→ **Crawled caption data**
____________________

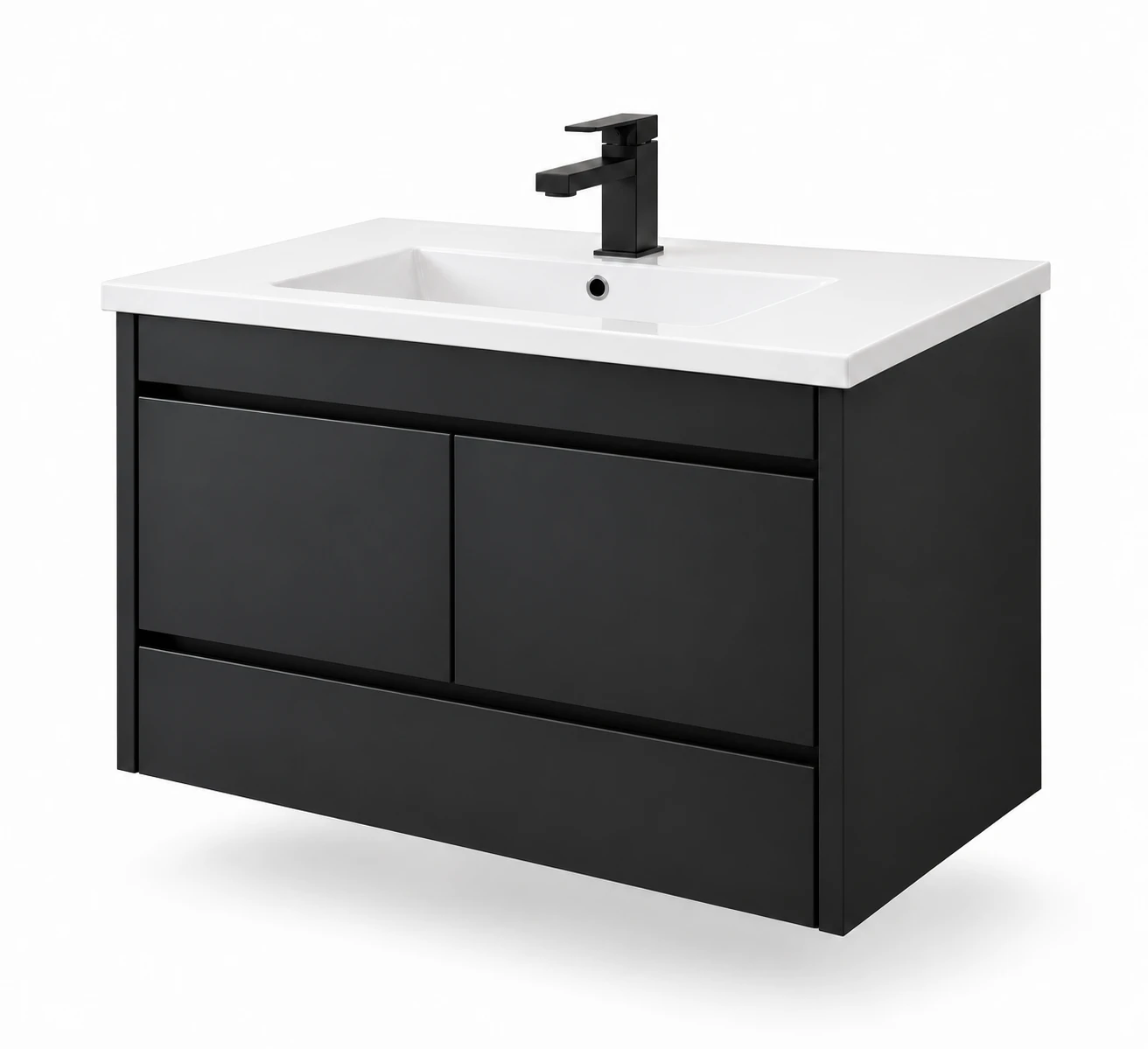 Mueble de Baño Flotado 80 cm con 2 Puertas, Cajón y Lavabo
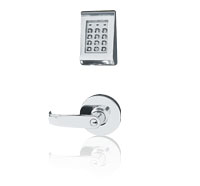 Door lever hardware with keypad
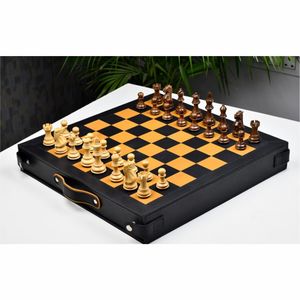 Juego de Ajedrez Staunton de Madera Vintage con Estuche de Almacenamiento de Cuero Sintético - Tablero de Ajedrez Profesional para Torneos, Juegos de Mesa de Alta Gama - Product Image 1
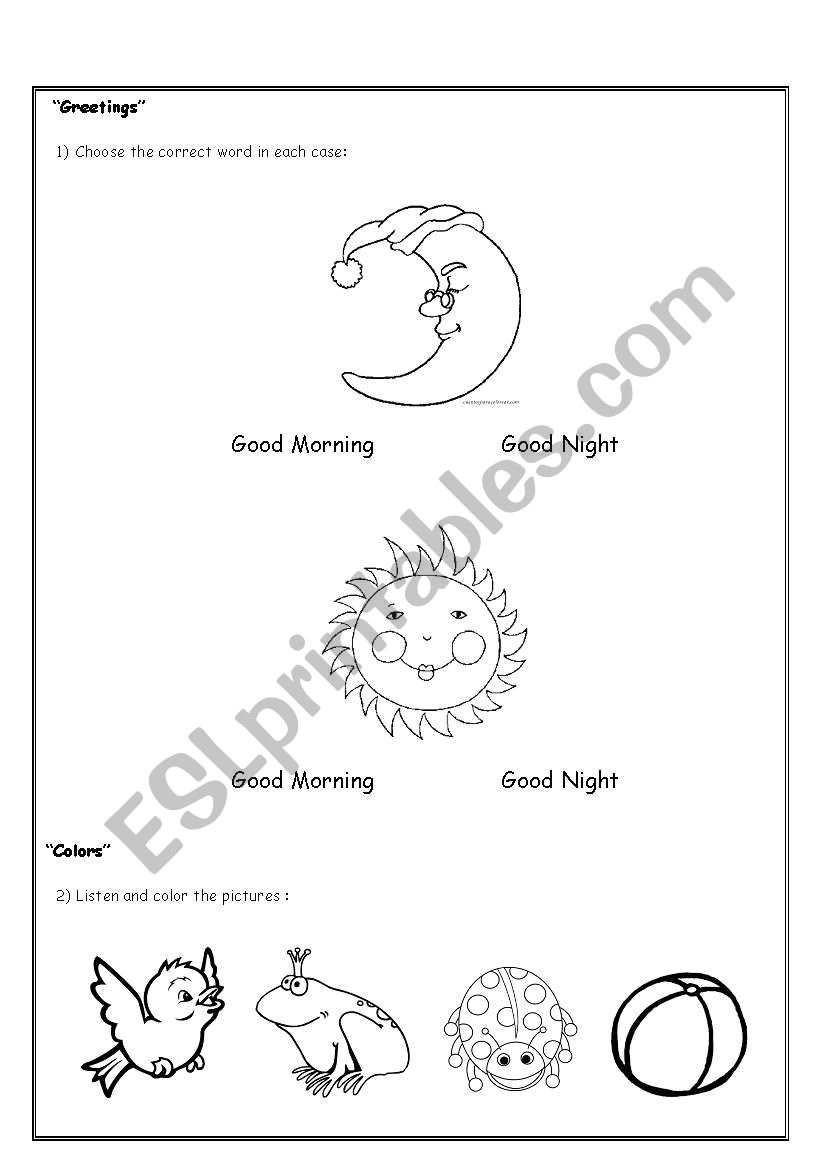 Greetings and Colors worksheet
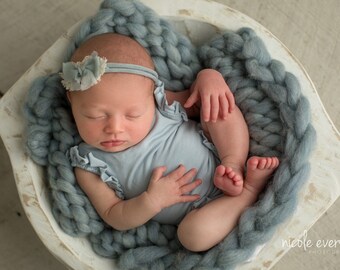 Ava Newborn Romper • Knit Flutter Romper • Sitter Romper • Newborn Photography Prop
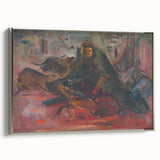 Expressionist Hunting Scene – Bold Abstract Boar Hunt Canvas Art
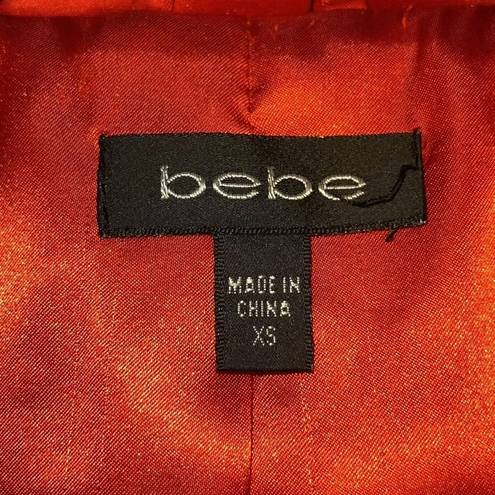 Bebe  RED SATIN DOUBLE BREASTED PEPLUM PEACOAT WOMEN SIZE XS 3/4 SLEEVES POCKETS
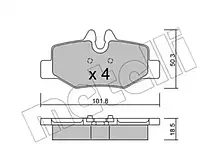 Комплект тормозных колодок Metelli 22-0576-0 24008, дисковый тормоз для MERCEDES-BENZ VIANO (W639)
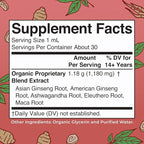 MARYRUTH'S Organics Herbal Supplement for Brain Function | Boost Energy | Memory | Vitality USDA | Ginseng with Ashwagandha | Eleuthero and Maca Root Extract | 1 Fl Oz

____________________

Retype the entries verbatim and drop the pictures.

→ **Answer to the problem**
 Mueble de Baño Flotado 80 cm con 2 Puertas, Cajón y Lavabo
 Door lever hardware with keypad
 Juego de Ajedrez Staunton de Madera Vintage con Estuche de Almacenamiento de Cuero Sintético - Tablero de Ajedrez Profesional para Torneos, Juegos de Mesa de Alta Gama - Product Image 1
 Greetings and Colors worksheet
 Ava Newborn Romper • Knit Flutter Romper • Sitter Romper • Newborn Photography Prop
 Expressionist Hunting Scene – Bold Abstract Boar Hunt Canvas Art
 Bebe  RED SATIN DOUBLE BREASTED PEPLUM PEACOAT WOMEN SIZE XS 3/4 SLEEVES POCKETS
 Комплект тормозных колодок Metelli 22-0576-0 24008, дисковый тормоз для MERCEDES-BENZ VIANO (W639)
 MARYRUTH'S Organics Herbal Supplement for Brain Function | Boost Energy | Memory | Vitality USDA | Ginseng with Ashwagandha | Eleuthero and Maca Root Extract | 1 Fl Oz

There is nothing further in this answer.